**WHAT YOU WILL DO:** Beginning with the line below that contains "May include: A" and ending with the line that contains "Der Cookit auf", copy every line exactly. Copy nothing else.

**PROVIDED RECORDS:**
'''

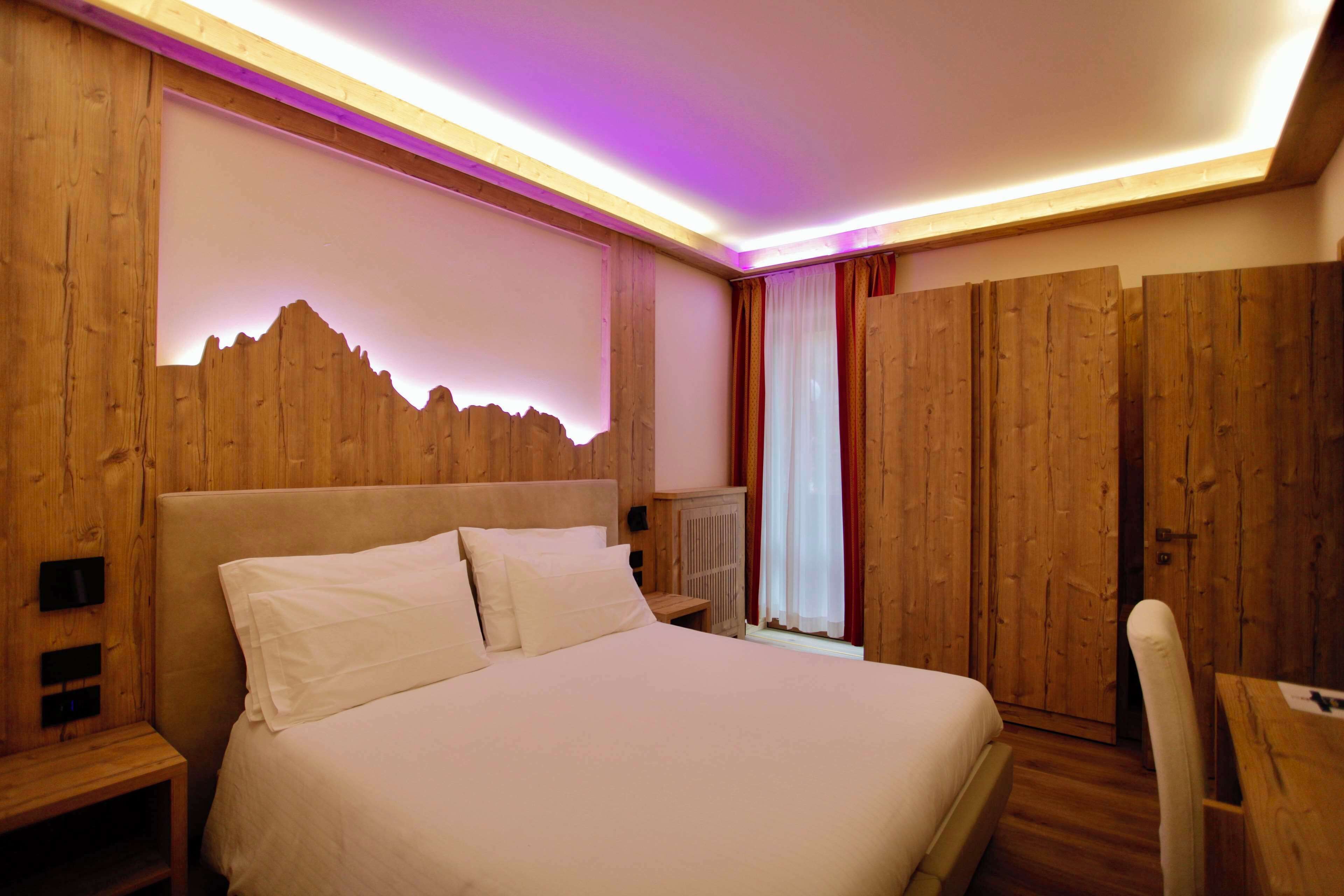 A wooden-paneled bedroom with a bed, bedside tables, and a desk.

'''
'''

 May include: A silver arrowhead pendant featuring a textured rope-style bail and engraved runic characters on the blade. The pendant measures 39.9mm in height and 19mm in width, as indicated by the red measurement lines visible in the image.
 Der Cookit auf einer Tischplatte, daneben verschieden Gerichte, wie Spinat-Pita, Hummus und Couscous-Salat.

'''

**ANSWER FOR THIS EXERCISE:**
 May include: A silver arrowhead pendant featuring a textured rope-style bail and engraved runic characters on the blade. The pendant measures 39.9mm in height and 19mm in width, as indicated by the red measurement lines visible in the image.
 Der Cookit auf einer Tischplatte, daneben verschieden Gerichte, wie Spinat-Pita, Hummus und Couscous-Salat.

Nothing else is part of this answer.